Losing to Porto is not a catastrophe for Chelsea. Maccabi Tel-Aviv should be soundly beaten away from home, and a victory at home to Dynamo Kiev at Stamford Bridge should probably ensure qualification. Beat Porto at home and they might even nick top spot.

For Mourinho, however, catastrophic is an appropriate word. The victory over Arsenal exists as the only meaningful positive of this season, and even that is laced with caveats. This temporary lull in their general performance, lack of defensive discipline and bluntness in the final third are becoming the trend.

Chelsea performing poorly is becoming rule, not exception. Mourinho now has a job on in his hands to alter that reputation.

 

Antonio Valencia
If you’re proven to not be a good enough right winger for Manchester United, it means you’re not good enough to be a right winger for Manchester United. It does not mean that you should be right-back for Manchester United. Why will no United manager understand that?

No defender covered themselves in glory for Diego Caligiuri’s early goal, but Valencia’s positioning was beyond terrible. It would be a surprise if it didn’t happen 20% of the time he plays there. It’s almost like he’s just a right winger who was proven not to be good enough for Manchester United. I might have mentioned that.

Valencia’s presence in United’s defence due to injuries reminds me of something Brian Clough said on the subject of playing players out of position. I’m paraphrasing here, but: “If my right-back is injured, I play the reserve. If the reserve’s injured, I play the youth team right-back. If he’s not good enough, he shouldn’t be at the club.” Quite.

 

Branislav Ivanovic
We outlined here the kicking that Ivanovic got in the media after his latest failure, and all of it was deserved. It’s incredible to think he was named in the PFA Team of the Year in May.
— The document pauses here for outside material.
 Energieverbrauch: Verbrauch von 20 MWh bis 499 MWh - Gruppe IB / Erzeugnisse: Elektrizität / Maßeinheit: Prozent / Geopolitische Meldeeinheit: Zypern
Ivanovic is genuinely one of the Premier League’s worst right-backs on current form. If this feels like a witch-hunt, that’s because the Serbian is wearing a black hat and stirring a cauldron with his black cat.

 

Cesc Fabregas
Last season’s assist master has become the jack of no trades, pushed into a midfield no man’s land by his manager. He’s not strong enough in the tackle to be a holding player, and is too far from the final third to demonstrate the creativity which is so clearly is forte. A waste, basically.

 

Wayne Rooney
One shot, off target. At least it’s getting to the stage now where I forget he’s playing, so can’t tell how bad he is.

 

Nicolas Otamendi
Struggling to settle in Manchester City’s central defence after costing over £30m. At least Eliaquim Mangala will be able to offer advice.

 

Borussia Monchengladbach
If you concede seven penalties in five matches, things won’t go well.

 

Dinamo Zagreb
The 45-match unbeaten run is over. That’s what playing Bayern Munich does.

 

Robbie Savage
I lasted nine minutes. I deserve a f**king medal.